June 18th, 2012    -    12 Comments

When my daughter was little, she would squat for hours every afternoon on a pile of sand in the front yard. I planted little plastic animals underneath, and she’d dig them up with a shovel, handing them over to me with a satisfied grunt. She quarried the same zebra, the same tiger, the same frog, hippo, and horse out of that pile every day. While she wasn’t looking, I’d hide the toys under again. She’d keep at it, tireless. We sat there for what seemed like forever, unearthing purpose from the sodden heap of our new life together. She couldn’t know how much she was teaching me then, in her wordless way, about being satisfied with the same old thing, squashing my every day’s plan to get somewhere else.

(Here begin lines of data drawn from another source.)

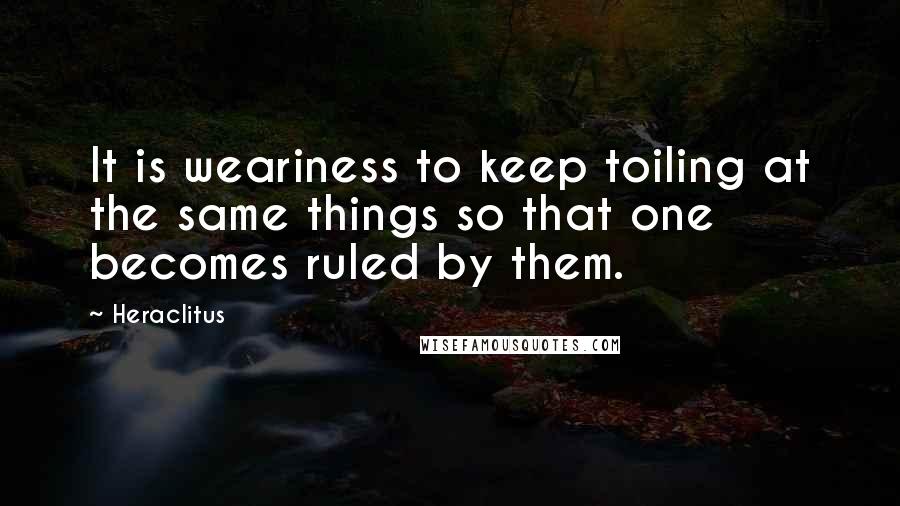 Heraclitus Quotes: It is weariness to keep toiling at the same things so that one becomes ruled by them.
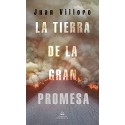 La tierra de la gran promesa Juan Villoro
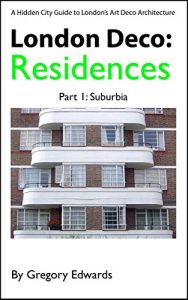 A Hidden City Guide to London’s Art Deco Architecture, 2017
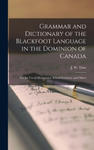 Grammar and Dictionary of the Blackfoot Language in the Dominion of Canada [microform] w sklepie internetowym Libristo.pl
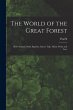 The World of the Great Forest; how... - Bild 1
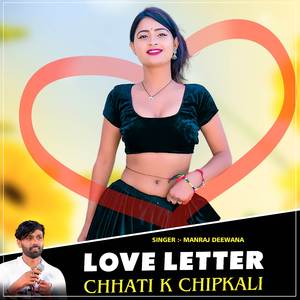 Love Letter Chhati K Chipkali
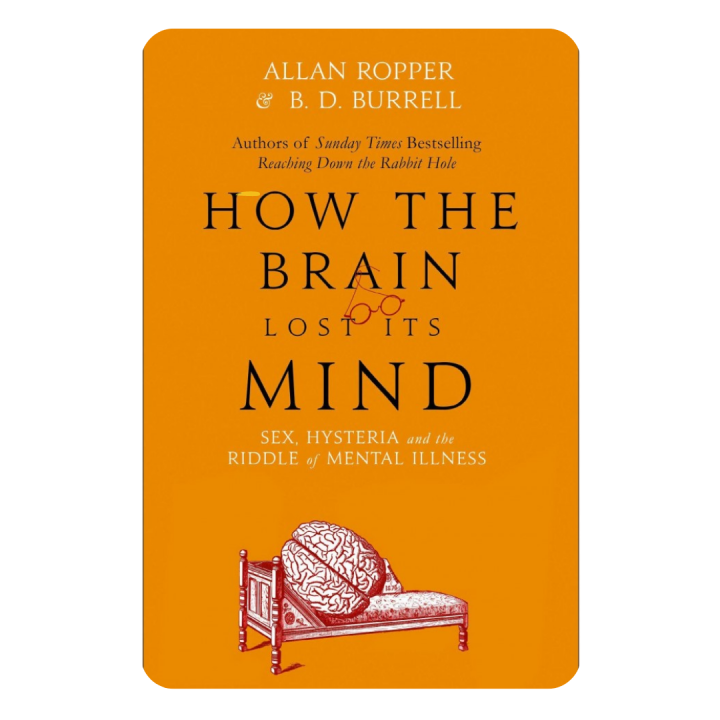 How the Brain Lost Its Mind: Hysteria, and the Riddle of Mental Illness ...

I used to think those days were over, but they never really are. We move on to a different pile, but we have to find a way to settle into it just the same.

One time I was interviewed by a radio host about meditation as an antidote to dissatisfaction. She seemed alarmed, even offended, by the suggestion. Staying put runs contrary to the doctrine of self-improvement.

“It seems to me you’re telling people to settle,” she said. I was tongue-tied, and I searched my mind for a response. If I’d had the equanimity of my Zen kin, I would have said what I really meant.

I would have said, “Yes.”

I’m telling you to settle.

What’s wrong with settling? What’s wrong with making peace? What’s wrong with quieting the crazy-making, egocentric mind? This is why we begin our practice, and this is why we keep practicing even when we are no longer entertained. If we are really committed to our own sanity, we keep chasing ourselves out of our ruminating mind and onto different ground. The ground where things come to be.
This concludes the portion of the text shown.